• EXERCISE BRIEF
Check every line of the following material for the word "data", then say how many have it, with no other words.

• INPUT

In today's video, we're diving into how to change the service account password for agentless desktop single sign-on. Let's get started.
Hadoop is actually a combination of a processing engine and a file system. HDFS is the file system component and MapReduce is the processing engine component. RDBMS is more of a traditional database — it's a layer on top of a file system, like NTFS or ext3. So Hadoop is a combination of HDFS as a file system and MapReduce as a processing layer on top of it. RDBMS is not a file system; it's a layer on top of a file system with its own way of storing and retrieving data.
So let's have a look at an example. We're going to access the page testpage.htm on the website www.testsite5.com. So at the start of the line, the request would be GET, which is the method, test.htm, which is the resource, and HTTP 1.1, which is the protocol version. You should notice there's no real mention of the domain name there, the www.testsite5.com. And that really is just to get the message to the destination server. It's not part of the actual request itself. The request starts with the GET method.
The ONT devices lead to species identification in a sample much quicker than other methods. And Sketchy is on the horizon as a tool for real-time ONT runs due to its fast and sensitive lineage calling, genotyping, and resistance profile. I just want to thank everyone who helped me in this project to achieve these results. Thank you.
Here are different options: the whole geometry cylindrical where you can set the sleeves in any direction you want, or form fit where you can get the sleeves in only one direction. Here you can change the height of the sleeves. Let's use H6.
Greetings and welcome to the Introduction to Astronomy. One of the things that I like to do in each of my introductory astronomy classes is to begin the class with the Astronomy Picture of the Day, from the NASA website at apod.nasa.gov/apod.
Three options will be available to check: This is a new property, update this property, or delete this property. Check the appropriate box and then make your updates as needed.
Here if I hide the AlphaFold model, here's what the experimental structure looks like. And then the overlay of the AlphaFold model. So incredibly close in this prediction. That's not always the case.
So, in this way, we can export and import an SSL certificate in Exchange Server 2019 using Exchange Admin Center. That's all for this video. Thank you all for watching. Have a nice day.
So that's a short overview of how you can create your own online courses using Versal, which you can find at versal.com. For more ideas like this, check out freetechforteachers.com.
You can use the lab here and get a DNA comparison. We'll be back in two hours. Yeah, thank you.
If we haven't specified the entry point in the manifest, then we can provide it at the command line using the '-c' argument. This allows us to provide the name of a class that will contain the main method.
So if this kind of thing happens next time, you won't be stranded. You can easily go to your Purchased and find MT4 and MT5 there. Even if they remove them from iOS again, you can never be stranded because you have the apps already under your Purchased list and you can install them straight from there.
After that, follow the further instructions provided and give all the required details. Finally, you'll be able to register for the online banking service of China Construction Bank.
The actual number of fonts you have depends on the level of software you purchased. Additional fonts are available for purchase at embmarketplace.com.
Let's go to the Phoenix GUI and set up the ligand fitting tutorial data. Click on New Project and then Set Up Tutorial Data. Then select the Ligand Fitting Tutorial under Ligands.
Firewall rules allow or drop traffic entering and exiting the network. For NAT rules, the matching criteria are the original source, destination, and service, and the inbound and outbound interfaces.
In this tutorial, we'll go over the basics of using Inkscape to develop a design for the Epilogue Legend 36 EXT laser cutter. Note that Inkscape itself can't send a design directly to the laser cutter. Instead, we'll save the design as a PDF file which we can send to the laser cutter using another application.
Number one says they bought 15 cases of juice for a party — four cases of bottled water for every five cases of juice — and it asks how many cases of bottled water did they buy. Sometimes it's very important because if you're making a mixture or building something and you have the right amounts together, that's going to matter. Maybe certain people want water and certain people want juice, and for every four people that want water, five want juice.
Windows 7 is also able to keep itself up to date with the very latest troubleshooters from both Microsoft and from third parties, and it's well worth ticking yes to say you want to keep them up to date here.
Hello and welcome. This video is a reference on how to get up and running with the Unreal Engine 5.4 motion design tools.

• SOLVED EXERCISE
2